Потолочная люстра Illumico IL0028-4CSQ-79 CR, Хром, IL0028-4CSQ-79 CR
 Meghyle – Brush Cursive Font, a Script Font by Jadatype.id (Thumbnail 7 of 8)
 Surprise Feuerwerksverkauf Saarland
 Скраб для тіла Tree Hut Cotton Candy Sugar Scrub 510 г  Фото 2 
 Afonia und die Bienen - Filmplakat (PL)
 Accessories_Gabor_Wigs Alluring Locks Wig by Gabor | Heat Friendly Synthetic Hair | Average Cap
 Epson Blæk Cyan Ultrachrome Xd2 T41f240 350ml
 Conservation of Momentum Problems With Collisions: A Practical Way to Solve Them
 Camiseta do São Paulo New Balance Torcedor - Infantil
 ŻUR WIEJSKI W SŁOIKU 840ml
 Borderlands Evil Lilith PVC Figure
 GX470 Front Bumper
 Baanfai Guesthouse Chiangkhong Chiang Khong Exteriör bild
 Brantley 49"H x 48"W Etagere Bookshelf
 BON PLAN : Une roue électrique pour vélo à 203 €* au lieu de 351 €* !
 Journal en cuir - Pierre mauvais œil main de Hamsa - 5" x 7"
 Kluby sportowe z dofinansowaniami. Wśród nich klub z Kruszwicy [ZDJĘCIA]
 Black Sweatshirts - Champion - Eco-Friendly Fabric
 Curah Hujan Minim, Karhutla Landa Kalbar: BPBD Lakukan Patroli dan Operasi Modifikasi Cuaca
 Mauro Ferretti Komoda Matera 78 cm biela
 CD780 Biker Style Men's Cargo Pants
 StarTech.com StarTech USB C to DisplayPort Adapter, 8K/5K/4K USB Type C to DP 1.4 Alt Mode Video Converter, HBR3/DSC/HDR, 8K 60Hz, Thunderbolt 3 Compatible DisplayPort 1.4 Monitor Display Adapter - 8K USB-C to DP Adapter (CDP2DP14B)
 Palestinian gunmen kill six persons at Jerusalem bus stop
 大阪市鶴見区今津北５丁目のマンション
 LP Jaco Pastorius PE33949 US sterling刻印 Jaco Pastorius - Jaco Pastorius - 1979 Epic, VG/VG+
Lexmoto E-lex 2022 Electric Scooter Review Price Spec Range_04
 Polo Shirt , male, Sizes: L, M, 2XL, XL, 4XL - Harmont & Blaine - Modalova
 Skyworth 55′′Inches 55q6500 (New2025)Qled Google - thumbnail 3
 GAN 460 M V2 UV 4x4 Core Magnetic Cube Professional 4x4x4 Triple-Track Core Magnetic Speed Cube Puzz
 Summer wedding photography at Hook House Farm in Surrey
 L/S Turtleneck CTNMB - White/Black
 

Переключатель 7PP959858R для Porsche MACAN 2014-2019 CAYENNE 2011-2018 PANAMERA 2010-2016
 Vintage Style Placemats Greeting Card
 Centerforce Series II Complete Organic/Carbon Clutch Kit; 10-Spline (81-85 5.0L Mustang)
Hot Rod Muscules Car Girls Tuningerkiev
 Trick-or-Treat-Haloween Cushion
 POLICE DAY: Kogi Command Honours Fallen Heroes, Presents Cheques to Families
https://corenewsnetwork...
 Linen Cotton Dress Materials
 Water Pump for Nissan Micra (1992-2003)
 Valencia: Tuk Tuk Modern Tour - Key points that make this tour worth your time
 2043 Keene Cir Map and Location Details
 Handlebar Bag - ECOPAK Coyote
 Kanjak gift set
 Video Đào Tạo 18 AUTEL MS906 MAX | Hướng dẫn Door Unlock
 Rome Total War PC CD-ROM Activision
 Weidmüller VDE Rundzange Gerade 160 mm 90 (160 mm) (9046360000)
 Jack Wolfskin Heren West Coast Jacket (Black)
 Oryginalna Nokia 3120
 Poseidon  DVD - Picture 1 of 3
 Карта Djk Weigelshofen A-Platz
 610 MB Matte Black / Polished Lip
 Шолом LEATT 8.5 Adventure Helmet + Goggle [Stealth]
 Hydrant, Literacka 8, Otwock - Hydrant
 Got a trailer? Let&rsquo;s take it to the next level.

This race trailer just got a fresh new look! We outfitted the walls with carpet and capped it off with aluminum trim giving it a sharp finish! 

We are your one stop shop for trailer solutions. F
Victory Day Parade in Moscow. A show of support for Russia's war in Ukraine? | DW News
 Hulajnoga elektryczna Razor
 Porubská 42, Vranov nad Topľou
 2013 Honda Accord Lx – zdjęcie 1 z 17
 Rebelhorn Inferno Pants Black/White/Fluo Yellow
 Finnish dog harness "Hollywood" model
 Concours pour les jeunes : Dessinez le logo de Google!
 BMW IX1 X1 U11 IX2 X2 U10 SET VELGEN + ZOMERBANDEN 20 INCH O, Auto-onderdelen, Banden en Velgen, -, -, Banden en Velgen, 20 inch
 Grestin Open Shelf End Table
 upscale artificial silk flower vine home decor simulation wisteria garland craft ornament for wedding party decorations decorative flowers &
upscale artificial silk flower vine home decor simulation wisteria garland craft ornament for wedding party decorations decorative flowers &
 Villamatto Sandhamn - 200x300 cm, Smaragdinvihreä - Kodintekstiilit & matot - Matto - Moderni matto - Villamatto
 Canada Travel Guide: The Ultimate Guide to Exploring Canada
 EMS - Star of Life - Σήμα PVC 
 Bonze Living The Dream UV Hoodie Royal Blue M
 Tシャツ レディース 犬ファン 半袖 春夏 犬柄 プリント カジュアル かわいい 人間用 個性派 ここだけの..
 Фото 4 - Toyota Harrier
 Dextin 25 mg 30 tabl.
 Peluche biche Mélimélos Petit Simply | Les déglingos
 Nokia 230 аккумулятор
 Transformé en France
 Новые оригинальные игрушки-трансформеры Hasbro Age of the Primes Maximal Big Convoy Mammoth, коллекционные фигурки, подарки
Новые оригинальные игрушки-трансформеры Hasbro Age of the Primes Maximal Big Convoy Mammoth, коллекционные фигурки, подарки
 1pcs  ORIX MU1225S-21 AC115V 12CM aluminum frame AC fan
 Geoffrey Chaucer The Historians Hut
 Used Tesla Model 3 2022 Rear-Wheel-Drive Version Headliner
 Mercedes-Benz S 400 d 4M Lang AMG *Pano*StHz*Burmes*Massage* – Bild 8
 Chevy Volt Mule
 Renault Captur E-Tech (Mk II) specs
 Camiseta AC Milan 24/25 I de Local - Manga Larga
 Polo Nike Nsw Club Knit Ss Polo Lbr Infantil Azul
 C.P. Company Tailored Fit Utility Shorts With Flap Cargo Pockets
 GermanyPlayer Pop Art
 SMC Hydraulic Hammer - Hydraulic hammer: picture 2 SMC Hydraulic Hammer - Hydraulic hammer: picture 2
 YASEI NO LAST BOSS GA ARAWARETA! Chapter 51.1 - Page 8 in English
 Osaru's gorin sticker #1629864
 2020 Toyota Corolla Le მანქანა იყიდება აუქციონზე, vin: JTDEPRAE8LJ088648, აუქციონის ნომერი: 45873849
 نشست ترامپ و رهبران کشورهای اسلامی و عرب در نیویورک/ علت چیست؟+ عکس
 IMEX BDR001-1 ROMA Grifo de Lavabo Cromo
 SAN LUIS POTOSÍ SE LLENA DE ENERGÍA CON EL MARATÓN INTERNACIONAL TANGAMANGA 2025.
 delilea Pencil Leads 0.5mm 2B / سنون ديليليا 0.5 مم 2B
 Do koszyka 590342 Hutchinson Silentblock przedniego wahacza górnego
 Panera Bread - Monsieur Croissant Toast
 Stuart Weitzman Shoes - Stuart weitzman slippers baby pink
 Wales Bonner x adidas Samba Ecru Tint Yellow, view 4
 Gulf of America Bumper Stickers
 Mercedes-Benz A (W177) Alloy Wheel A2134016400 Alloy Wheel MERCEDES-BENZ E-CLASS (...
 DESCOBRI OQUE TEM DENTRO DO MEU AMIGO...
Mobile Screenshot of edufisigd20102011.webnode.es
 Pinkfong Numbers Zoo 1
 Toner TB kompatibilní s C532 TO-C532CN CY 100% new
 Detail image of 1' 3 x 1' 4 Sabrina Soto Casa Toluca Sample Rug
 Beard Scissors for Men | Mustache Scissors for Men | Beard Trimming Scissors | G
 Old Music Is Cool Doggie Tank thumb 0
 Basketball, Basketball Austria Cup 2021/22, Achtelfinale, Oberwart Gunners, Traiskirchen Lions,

**WHAT THE TASK ASKS**
Your task is to write out the lines from the one with "IMEX BDR001-1 ROMA Grifo de Lavabo Cromo" through the end of the records, exactly and with nothing added.

**REPLY**
 IMEX BDR001-1 ROMA Grifo de Lavabo Cromo
 SAN LUIS POTOSÍ SE LLENA DE ENERGÍA CON EL MARATÓN INTERNACIONAL TANGAMANGA 2025.
 delilea Pencil Leads 0.5mm 2B / سنون ديليليا 0.5 مم 2B
 Do koszyka 590342 Hutchinson Silentblock przedniego wahacza górnego
 Panera Bread - Monsieur Croissant Toast
 Stuart Weitzman Shoes - Stuart weitzman slippers baby pink
 Wales Bonner x adidas Samba Ecru Tint Yellow, view 4
 Gulf of America Bumper Stickers
 Mercedes-Benz A (W177) Alloy Wheel A2134016400 Alloy Wheel MERCEDES-BENZ E-CLASS (...
 DESCOBRI OQUE TEM DENTRO DO MEU AMIGO...
Mobile Screenshot of edufisigd20102011.webnode.es
 Pinkfong Numbers Zoo 1
 Toner TB kompatibilní s C532 TO-C532CN CY 100% new
 Detail image of 1' 3 x 1' 4 Sabrina Soto Casa Toluca Sample Rug
 Beard Scissors for Men | Mustache Scissors for Men | Beard Trimming Scissors | G
 Old Music Is Cool Doggie Tank thumb 0
 Basketball, Basketball Austria Cup 2021/22, Achtelfinale, Oberwart Gunners, Traiskirchen Lions,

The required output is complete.